Sì, ci sono descrizioni sovrabbondanti,
dialoghi superflui e sottotrame più lunghe del dovuto, persino per un romanzo
tardovittoriano o protoedoardiano. E sì, fino a circa un terzo del libro, non
accade nulla di davvero rilevante. Eppure, il corpus centrale con le voci
alternative è un viaggio a ritroso nel tempo, che consente di uscire dal salotto
borghese per sporcarsi le mani nel deserto, mentre l’ultima parte del libro tira
i fili della trama, introduce elementi inattesi, confondendo il lettore, e lo
trascina in un finale ambiguo, in entrambi i casi.
Nel dibattito femminista
Copertina della prima edizione |
Uno dei punti forti del romanzo consiste
nella riflessione sul tema della New Woman, in voga alla fine del XIX
secolo, parte della cosiddetta “prima ondata femminista”.
Il narratore principale, Malcolm, è un
uomo gentile, di buone maniere, ben inserito nel contesto sociale medio-borghese,
di cui segue i dettami. Chiede a Abel il consenso per sposare Margaret e segue
un codice di decoro, che include anche un forte senso di protezione nei
confronti della donna.
Margaret viene raccontata da Malcolm, che pure
mostra di aver colto il cambiamento che avviene in lei, da donna riservata e
dolce (ma forse era la prospettiva in cui il giovane l’aveva inquadrata?) a
individuo indipendente, sempre più simile alla regina Tera: «Ricordate anche che
questa donna [Tera] era abile in tutte le scienze del suo tempo. Il suo saggio
e avveduto padre se n’era assicurato, sapendo che, alla fine, avrebbe dovuto
fronteggiare gli intrighi della Gerarchia con la sua sola saggezza.»

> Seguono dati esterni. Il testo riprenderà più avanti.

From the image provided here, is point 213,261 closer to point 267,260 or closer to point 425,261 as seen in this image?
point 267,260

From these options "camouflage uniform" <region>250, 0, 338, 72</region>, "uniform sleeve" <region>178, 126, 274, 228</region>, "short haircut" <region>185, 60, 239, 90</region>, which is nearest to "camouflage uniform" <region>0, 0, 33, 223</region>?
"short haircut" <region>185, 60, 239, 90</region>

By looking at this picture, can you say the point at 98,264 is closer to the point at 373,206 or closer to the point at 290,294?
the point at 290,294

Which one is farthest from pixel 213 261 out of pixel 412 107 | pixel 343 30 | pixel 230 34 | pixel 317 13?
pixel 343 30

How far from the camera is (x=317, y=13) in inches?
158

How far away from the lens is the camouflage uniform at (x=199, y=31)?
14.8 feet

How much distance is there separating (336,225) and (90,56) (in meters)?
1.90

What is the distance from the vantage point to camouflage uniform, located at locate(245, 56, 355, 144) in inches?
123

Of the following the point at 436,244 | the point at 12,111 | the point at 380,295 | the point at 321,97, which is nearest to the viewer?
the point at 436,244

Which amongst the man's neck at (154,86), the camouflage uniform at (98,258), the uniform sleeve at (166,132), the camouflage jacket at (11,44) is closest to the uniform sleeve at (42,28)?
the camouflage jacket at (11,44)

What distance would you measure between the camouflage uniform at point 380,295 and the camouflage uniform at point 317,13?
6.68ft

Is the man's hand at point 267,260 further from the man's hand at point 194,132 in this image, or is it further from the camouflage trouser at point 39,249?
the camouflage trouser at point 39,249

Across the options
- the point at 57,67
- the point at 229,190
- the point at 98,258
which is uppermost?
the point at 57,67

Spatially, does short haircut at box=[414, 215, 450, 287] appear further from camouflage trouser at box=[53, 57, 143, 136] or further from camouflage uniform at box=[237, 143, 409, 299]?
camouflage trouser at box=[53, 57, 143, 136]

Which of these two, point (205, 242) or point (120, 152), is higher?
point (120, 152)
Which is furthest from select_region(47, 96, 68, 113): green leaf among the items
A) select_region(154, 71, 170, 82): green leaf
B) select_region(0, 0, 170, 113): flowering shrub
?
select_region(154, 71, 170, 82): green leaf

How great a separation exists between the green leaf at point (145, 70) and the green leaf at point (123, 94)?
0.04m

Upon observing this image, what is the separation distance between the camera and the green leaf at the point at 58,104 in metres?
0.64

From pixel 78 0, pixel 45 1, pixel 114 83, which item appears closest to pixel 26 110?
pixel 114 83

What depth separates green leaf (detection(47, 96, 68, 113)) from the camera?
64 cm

Di fronte all’ostinazione di Abel, che più
che uno scienziato pazzo è un ricercatore spregiudicato, è Margaret a porre dei
limiti: «Il sesso non è una questione di anni! Una donna è una donna, anche se
fosse morta da cinquemila secoli!»
Il corpo della mummia, sbendato
lentamente, viene sessualizzato dagli uomini presenti e – secondo la critica
Kate Hebblethwaite – quello sguardo voyeurista sul corpo nudo è un modo per
ritrovare il controllo sulla donna. È infatti Margaret a coprirlo e a
permettere la prosecuzione dell’esperimento.
I due finali offrono diverse soluzioni al
tema della Nuova Donna, una figura femminile della classe media che cercava
libertà sociale e sessuale, sfidando i ruoli di genere. Nell’edizione del 1903,
le catene vengono spezzate e la donna si libera: non a caso questo finale turbò
il pubblico, anche perché affrontava a viso aperto l’avvento della nuova
femminilità, in qualche modo normalizzandola.
Nell’edizione del 1912, invece, la
conclusione indicherebbe – secondo il critico Andrew Smith – che tale
femminilità potrebbe essere controllata attraverso il matrimonio. Così, d’altra
parte, avviene in Dracula, con la Nuova Donna rappresentata dalle vampire,
che sono però tutte mogli del conte, contrapposte comunque alla casta eroina Mina
Murray.
In The Jewel of Seven Stars, il discorso sul rapporto tra potere maschile e libertà femminile è più bilanciato, aspetto che però non diminuì le critiche da parte di un pubblico maschile confuso, che poteva identificarsi nel disorientamento di Malcolm rispetto all’empowerment di Margaret.